Action item:
Please retype the data below exactly, stopping after the line with "Αντάπτορας Ακουστικών Type" and skipping every picture.

Information given:
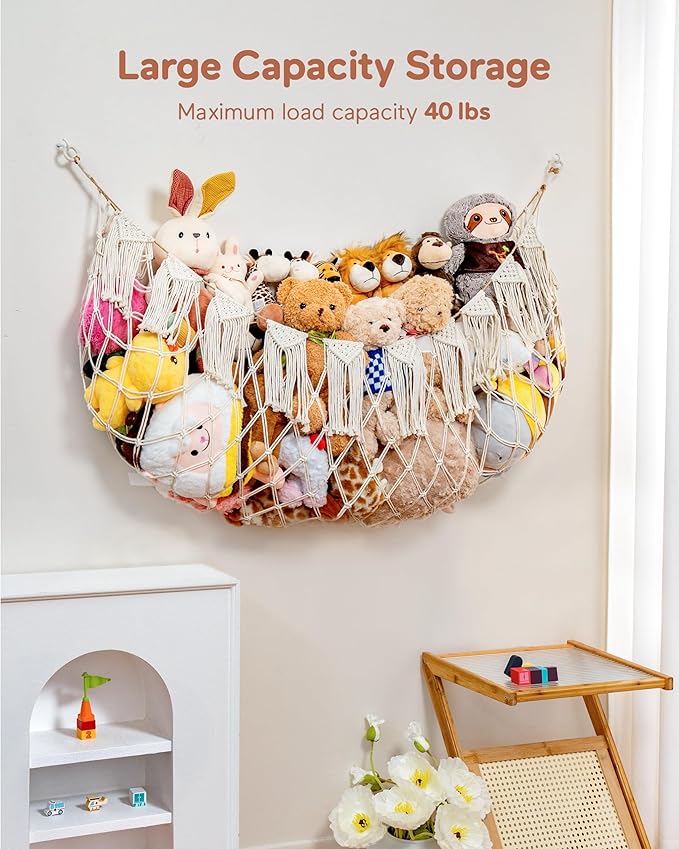 Boho Macrame Stuffed Animal Hammock with LED Lights – Large Wall Hanging Plushie Net, Corner Toy Organizer for Kids Bedroom, Nursery, Playroom & Dorm (White XXL)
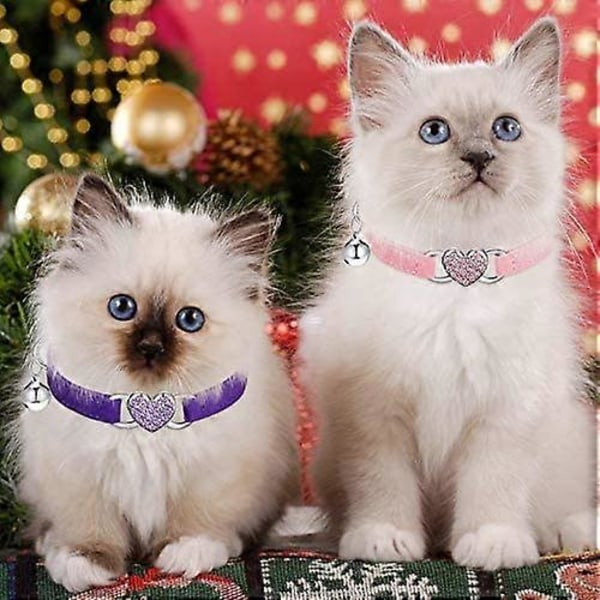 4 stycken strass kattkrage hjärta bling avtagbar kattkrage Alla hjärtans dag kattkrage mjuk sammet krage med strass kärlek hjärta justerbar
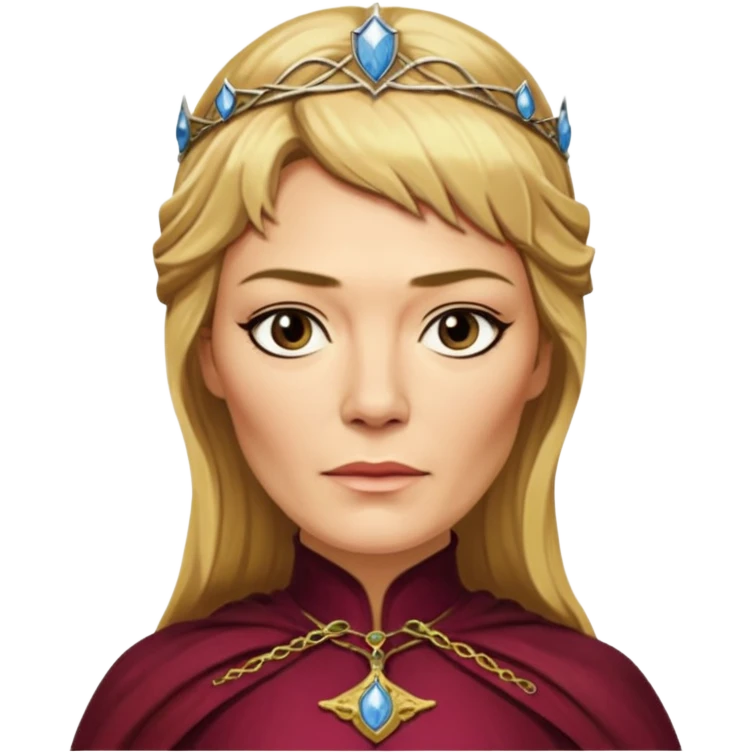 Cersei Lannister 40 years wihtout crown   from Games of throne character face only front face emoji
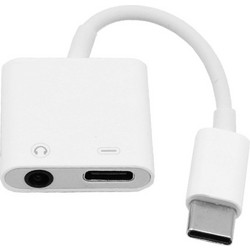 Αντάπτορας Ακουστικών Type C σε Jack 3.5mm με Παράλληλη Φόρτιση Type-C Treqa CA-1063 Λευκό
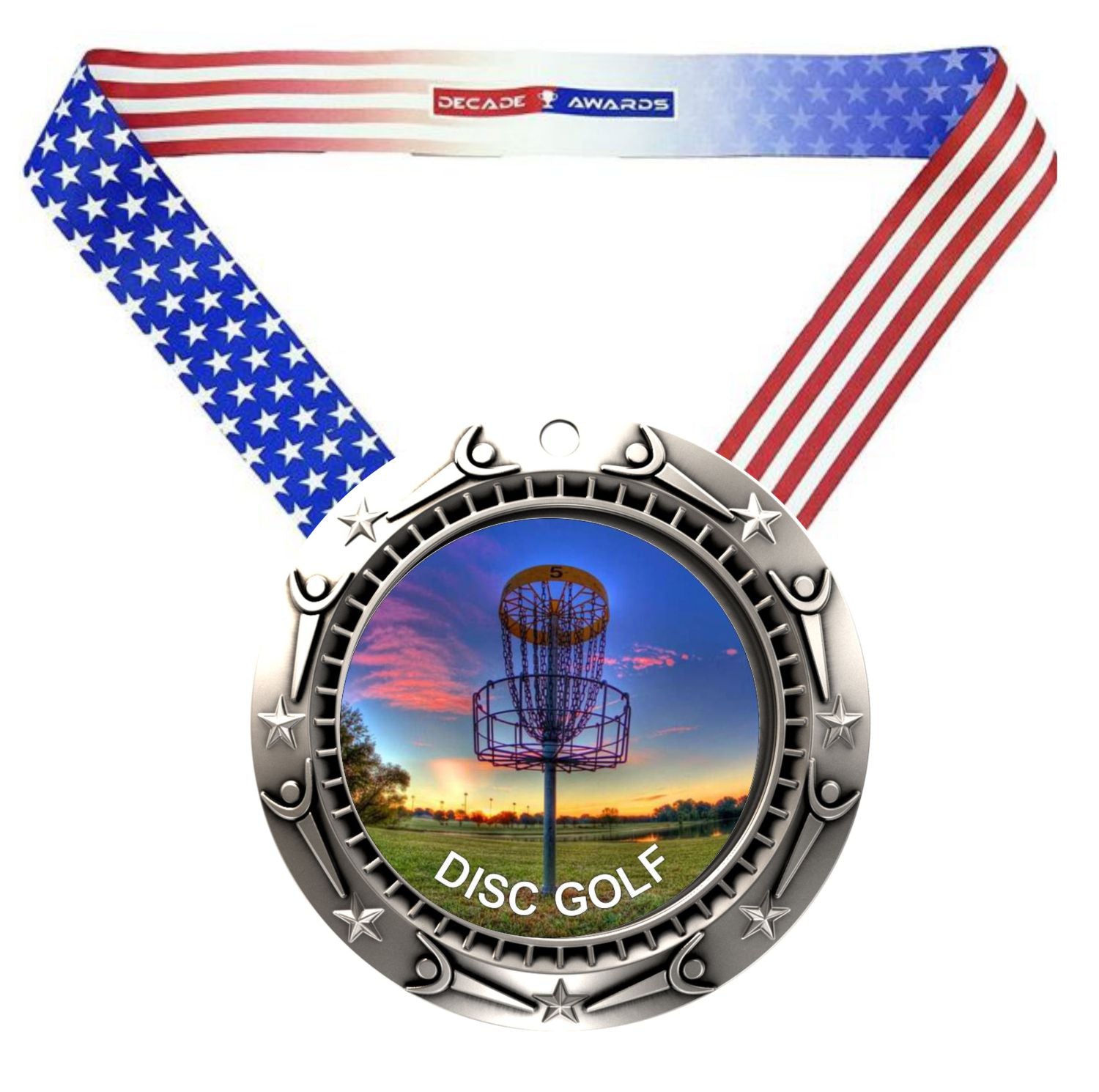 Disc Golf World Class Medal - Gold, Silver or Bronze | Engraved Disc Golf Medal - 3 Inch Wide
- Silver Disc Golf Medal, black ribbon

Response area:
 Boho Macrame Stuffed Animal Hammock with LED Lights – Large Wall Hanging Plushie Net, Corner Toy Organizer for Kids Bedroom, Nursery, Playroom & Dorm (White XXL)
 4 stycken strass kattkrage hjärta bling avtagbar kattkrage Alla hjärtans dag kattkrage mjuk sammet krage med strass kärlek hjärta justerbar
 Cersei Lannister 40 years wihtout crown   from Games of throne character face only front face emoji
 Αντάπτορας Ακουστικών Type C σε Jack 3.5mm με Παράλληλη Φόρτιση Type-C Treqa CA-1063 Λευκό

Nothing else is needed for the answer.